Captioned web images

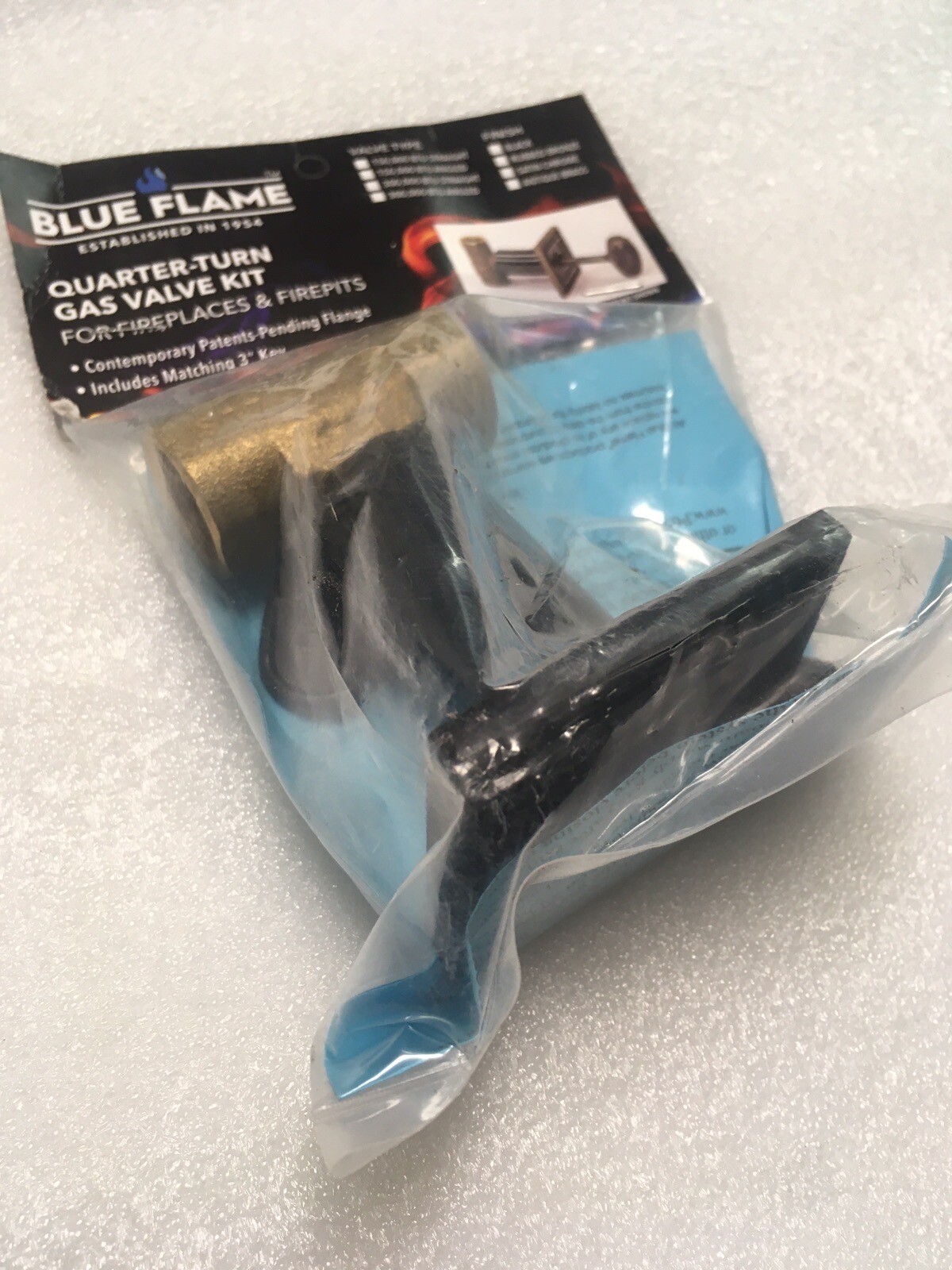 Blue Flame Square Black Gas Valve 1/4 Turn For Fireplaces Or Firepits With Key
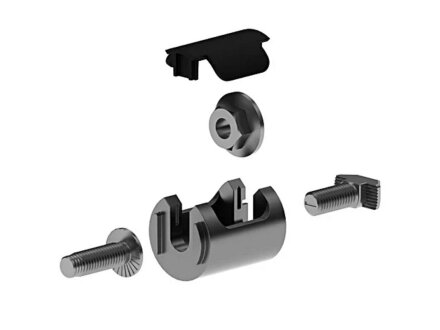 Set of pipe connectors D28, T, aluminium, with cover cap, self-tapping screw, flange nut, hammer screw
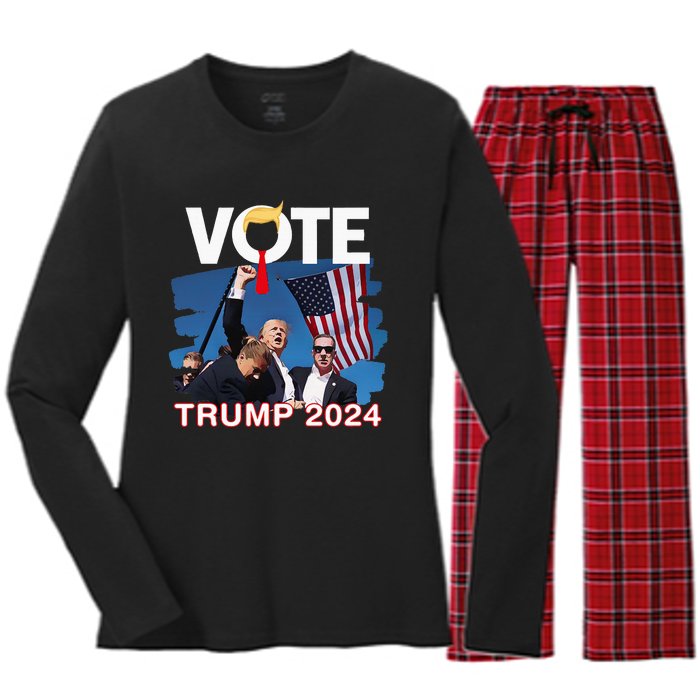 Vote Trump 2024 Fist Pump Never Surrender Fighter Women's Long Sleeve Flannel Pajama Set 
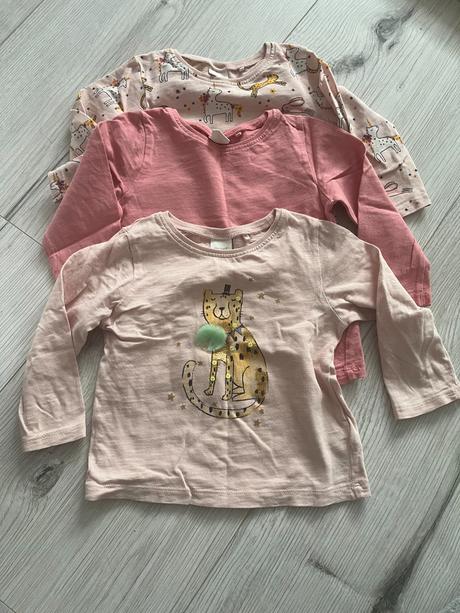 Trojbalenie ružových tričiek s dlhým rukávom, next,86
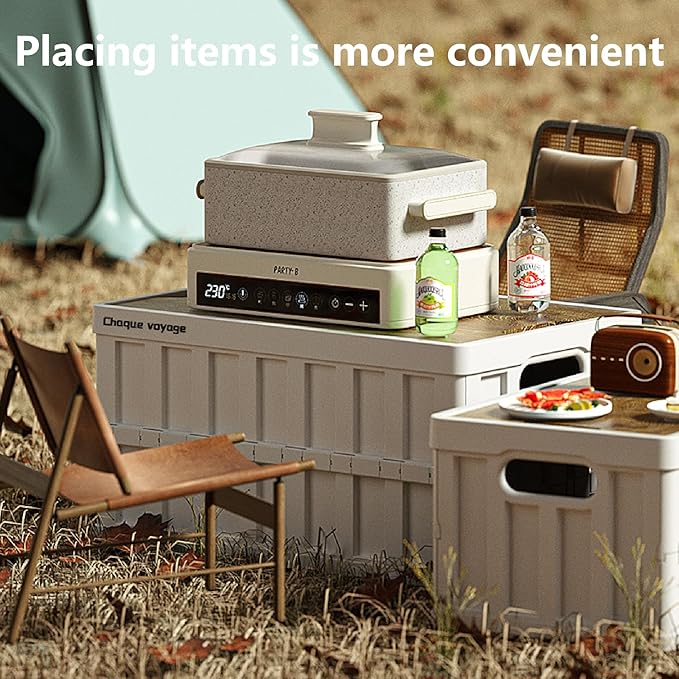 7.93-13.21 gallon large capacity camping folding box storage box organizing box suitable for home outdoor camping car use - black white green (White stripes 16.5x11x8.6)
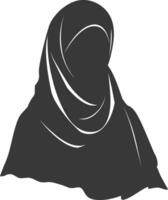 Silhouette hijab symbol black color only vector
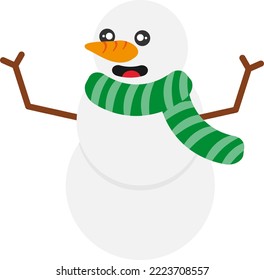 Vector illustration on transparent background, of a snowman, with a happy face. Snowman wearing a scarf, christmas celebration. Winter days.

What the task asks
Take the line containing "7.93-13.21 gallon large" and every line after it up to the end of the entries, and quote them exactly. Both ends count; the pictures do not.

Solved exercise
 7.93-13.21 gallon large capacity camping folding box storage box organizing box suitable for home outdoor camping car use - black white green (White stripes 16.5x11x8.6)
 Silhouette hijab symbol black color only vector
 Vector illustration on transparent background, of a snowman, with a happy face. Snowman wearing a scarf, christmas celebration. Winter days.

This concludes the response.